State Theatre Company
Of South Australia
Dunstan Playhouse
November 20. Until December 8.

Reviewed by Murray Bramwell

As Adam Cook’s 2007 State Theatre season draws to a close, it cannot be said that it has been his best. To seize the word back from Summer Heights parlance, it has been a random experience. While Cook has never made claims for any themes and threads – in fact, quite the reverse – the jump from one production to the next has often seemed enigmatic without being intriguing. This Uncharted Hour proved an introspective beginning, while the one act plays of Triple Threat, followed by the accomplished Doubt, hardly created momentum. Hamlet, especially Cameron Goodall’s lead performance, created a stir but the new Australian work Lion Pig Lion was flawed and failed to spark. That left us with LyreBird, a diverting but minor chamber work, and, then, the last cartridge in the chamber – Tom Stoppard’s The Real Thing.

There is no doubting Tom Stoppard’s brilliance and he has written a number of modern classics – Travesties and Jumpers in the early Seventies, more recently the marvelous Arcadia, as well as (a neat program match for this year’s Hamlet perhaps ?) Rosencrantz and Guildenstern Are Dead. The Real Thing, however, is not in the same league and time has not improved it. Written in 1982, it was previously staged by State Theatre in the late Eighties with John Gaden in the lead role of Henry – and not even his conspicuous charms could give the play conviction or appeal.

Opening in an English drawing room with Max playing with a deck of cards and his wife Charlotte back late from a trip to Europe, the play swiftly shifts from brittle romance to brittle pique as it becomes evident that, without her passport, Charlotte has traveled less distance and gone quite a lot further away. This glimpse of infidelity, we then discover, is not the real thing but a scene from a play, The House of Cards, written by the playwright Henry who, in no time at all and unbeknownst to his real wife Charlotte, is enacting these very events with the actor Max’s real wife Annie. This, then, is the Stoppard theatrical switcheroo, plays within plays, followed by copious questions about love and art, and what is real and what is passing fancy.

Director Michael Hill has a daunting task with a text that is all intricacy, self-conscious wit and – for all its talk of love – bereft of real heart. Stoppard has his hands on all the levers, like Prospero, but without a plan. He has privileged Henry by either giving him the last word or letting him construct the argument to his advantage.
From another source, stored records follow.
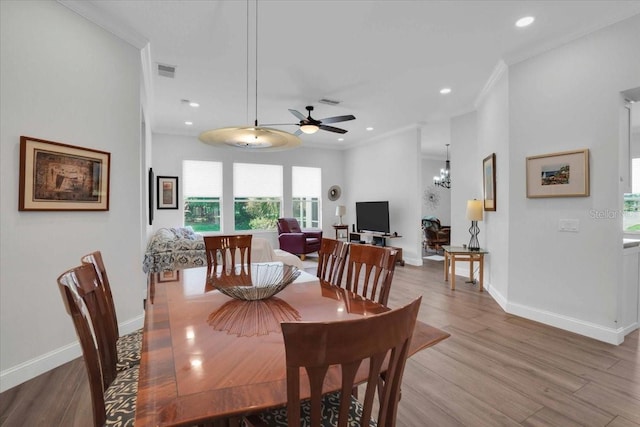 dining room with hardwood / wood-style flooring, ceiling fan with notable chandelier, and ornamental molding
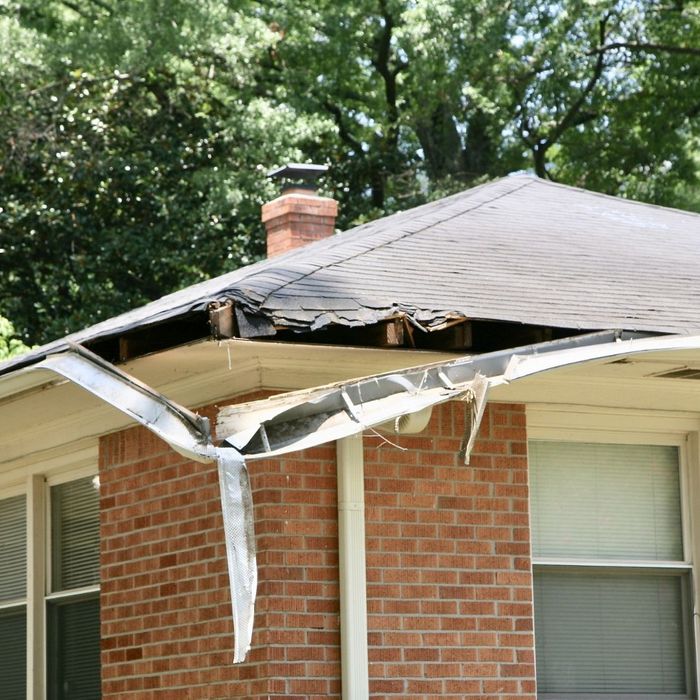heavily damaged gutters after a storm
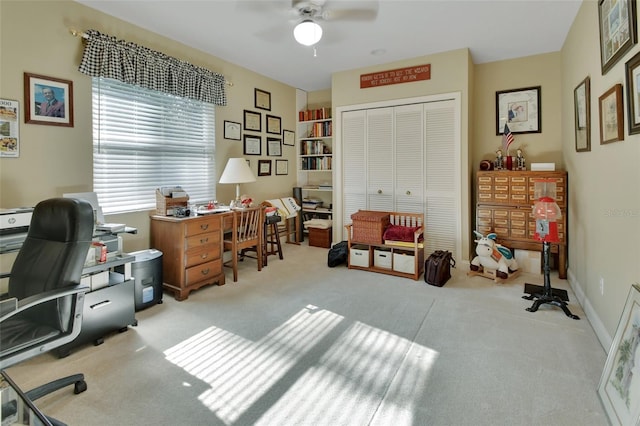 carpeted home office featuring ceiling fan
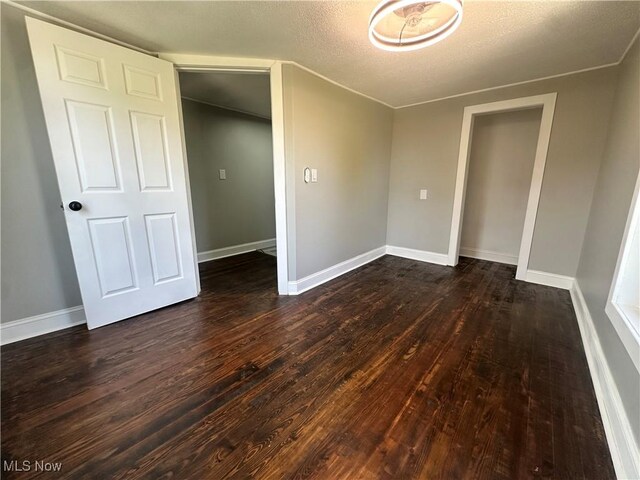 16707 Terrace Ave, Caldwell, OH 43724 - spare room with dark wood finished floors and a textured ceiling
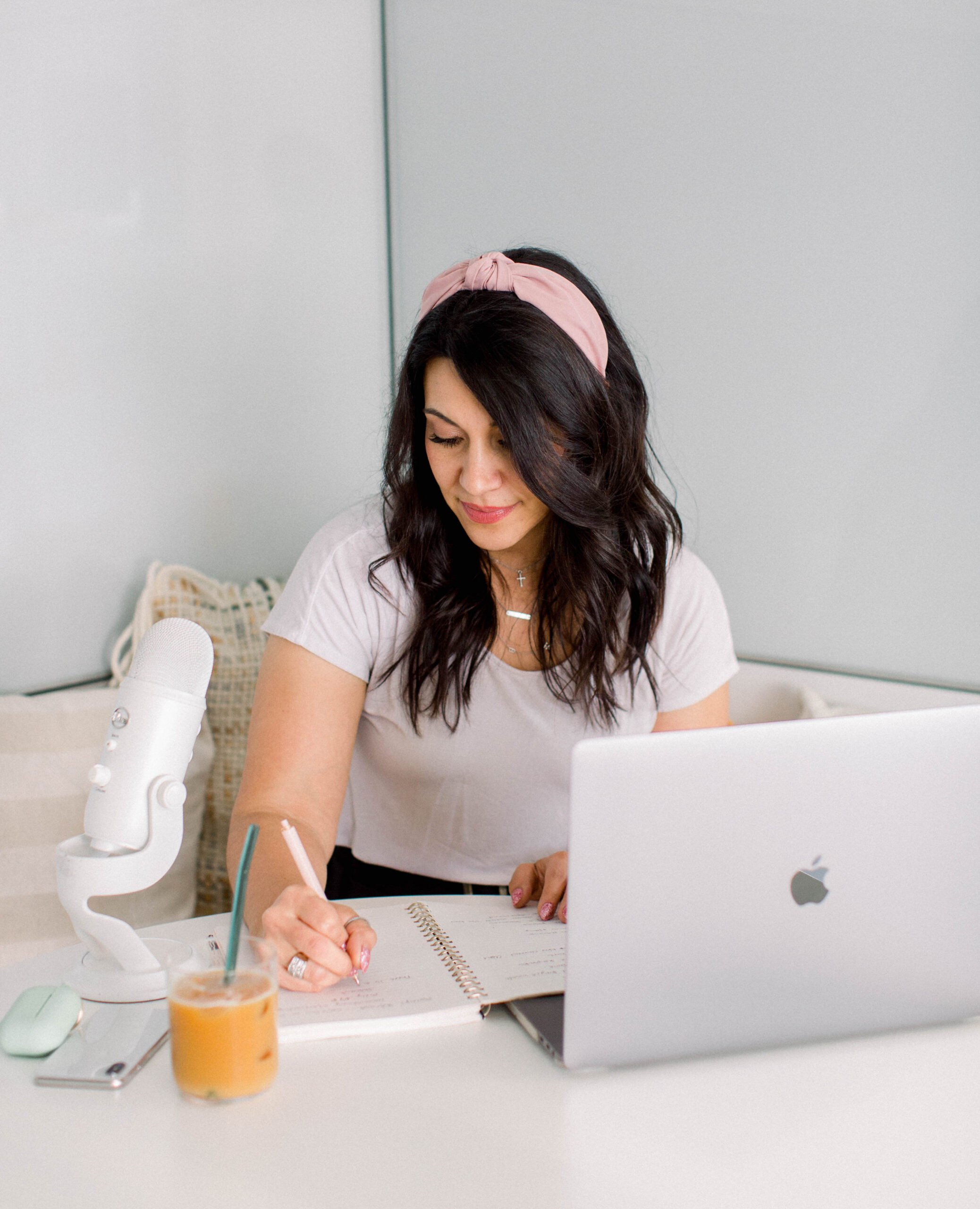 dark haired woman wearing a pink headband and a white tshirt sits at a desk. There is an open laptop on the desk, and she is writing in a journal. There is an iced coffee and podcast mic on the desk.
He fulminates against everything from relationships to political theatre but nobody really gets a word in edgeways. He is like a butcher weighing chops with his elbow on the scales. There are smart lines, including the speech comparing the playwright’s task to perfectly poised stroke play in cricket. There are quips, comic rants and sub-Wildean epigrams, but the play has a dyspeptic tone and an off-putting smugness – whether about pop music or the death of marriage.

As Henry, Marco Chiappi does well persuading us that this man can feel anything except his own cleverness, but it is a stretch to make us believe he is distraught. Excellent as Annie, Ksenja Logos astutely swoops, in Act Two, on the opportunity for spirited emotional rebellion – which Stoppard grudgingly (or perhaps unconsciously) allows.

Ulli Birve and Rob MacPherson, playing Max and Charlotte, are staunch but have less to work with – like the discarded partners in Noel Coward’s Private Lives. Jamie Harding is self-possessed as Billy, the Glaswegian activist playwright whom Stoppard lines up, not so much in the cross-hairs, as within sawn-off shotgun range. And, while capable, Jude Henshall’s job as daughter Debbie is mostly to be lectured to by father Tom.

Dean Hills’s stylish décor is Eighties without the padded shoulders and the set changes are managed by elvish punks to the tunes of the Clash, Blondie and Chrissie Hynde. But despite Hill and company’s diligent attention, The Real Thing is a disappointing simulacrum. Neither end-of-season romp nor dazzling conundrum, it is just too clever for its own boots.